[EXTRACTED INFORMATION]
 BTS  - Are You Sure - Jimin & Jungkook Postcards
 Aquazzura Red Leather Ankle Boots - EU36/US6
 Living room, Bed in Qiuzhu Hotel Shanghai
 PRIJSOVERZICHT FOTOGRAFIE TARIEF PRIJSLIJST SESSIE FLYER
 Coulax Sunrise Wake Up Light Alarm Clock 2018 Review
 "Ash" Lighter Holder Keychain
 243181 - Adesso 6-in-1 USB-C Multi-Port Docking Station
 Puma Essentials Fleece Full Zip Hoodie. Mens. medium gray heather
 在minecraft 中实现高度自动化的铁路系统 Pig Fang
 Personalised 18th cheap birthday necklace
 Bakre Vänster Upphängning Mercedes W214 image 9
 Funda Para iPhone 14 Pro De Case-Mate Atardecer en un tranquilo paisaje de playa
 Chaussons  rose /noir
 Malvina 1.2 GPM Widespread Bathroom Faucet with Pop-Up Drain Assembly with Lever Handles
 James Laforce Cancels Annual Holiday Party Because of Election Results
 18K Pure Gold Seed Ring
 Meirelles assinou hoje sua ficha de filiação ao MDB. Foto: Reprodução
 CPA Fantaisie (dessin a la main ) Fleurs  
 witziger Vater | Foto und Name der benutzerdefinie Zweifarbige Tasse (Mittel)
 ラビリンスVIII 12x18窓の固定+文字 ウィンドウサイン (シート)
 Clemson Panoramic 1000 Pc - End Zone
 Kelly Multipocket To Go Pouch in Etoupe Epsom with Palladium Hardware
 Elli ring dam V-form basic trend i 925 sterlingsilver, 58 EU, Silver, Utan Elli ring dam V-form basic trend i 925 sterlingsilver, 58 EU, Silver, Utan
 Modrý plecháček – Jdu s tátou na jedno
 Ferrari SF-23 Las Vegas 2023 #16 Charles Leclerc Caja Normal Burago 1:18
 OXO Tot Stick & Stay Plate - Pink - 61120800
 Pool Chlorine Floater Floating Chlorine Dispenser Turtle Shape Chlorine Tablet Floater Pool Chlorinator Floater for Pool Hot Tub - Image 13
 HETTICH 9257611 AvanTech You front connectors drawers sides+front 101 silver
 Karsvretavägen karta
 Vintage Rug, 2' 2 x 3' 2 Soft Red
[/EXTRACTED INFORMATION]
**WORK INSTRUCTION**
From the line containing "18K Pure Gold Seed Ring" through the last line of the records, output each line exactly and nothing more.

**ANSWER SECTION**
 18K Pure Gold Seed Ring
 Meirelles assinou hoje sua ficha de filiação ao MDB. Foto: Reprodução
 CPA Fantaisie (dessin a la main ) Fleurs  
 witziger Vater | Foto und Name der benutzerdefinie Zweifarbige Tasse (Mittel)
 ラビリンスVIII 12x18窓の固定+文字 ウィンドウサイン (シート)
 Clemson Panoramic 1000 Pc - End Zone
 Kelly Multipocket To Go Pouch in Etoupe Epsom with Palladium Hardware
 Elli ring dam V-form basic trend i 925 sterlingsilver, 58 EU, Silver, Utan Elli ring dam V-form basic trend i 925 sterlingsilver, 58 EU, Silver, Utan
 Modrý plecháček – Jdu s tátou na jedno
 Ferrari SF-23 Las Vegas 2023 #16 Charles Leclerc Caja Normal Burago 1:18
 OXO Tot Stick & Stay Plate - Pink - 61120800
 Pool Chlorine Floater Floating Chlorine Dispenser Turtle Shape Chlorine Tablet Floater Pool Chlorinator Floater for Pool Hot Tub - Image 13
 HETTICH 9257611 AvanTech You front connectors drawers sides+front 101 silver
 Karsvretavägen karta
 Vintage Rug, 2' 2 x 3' 2 Soft Red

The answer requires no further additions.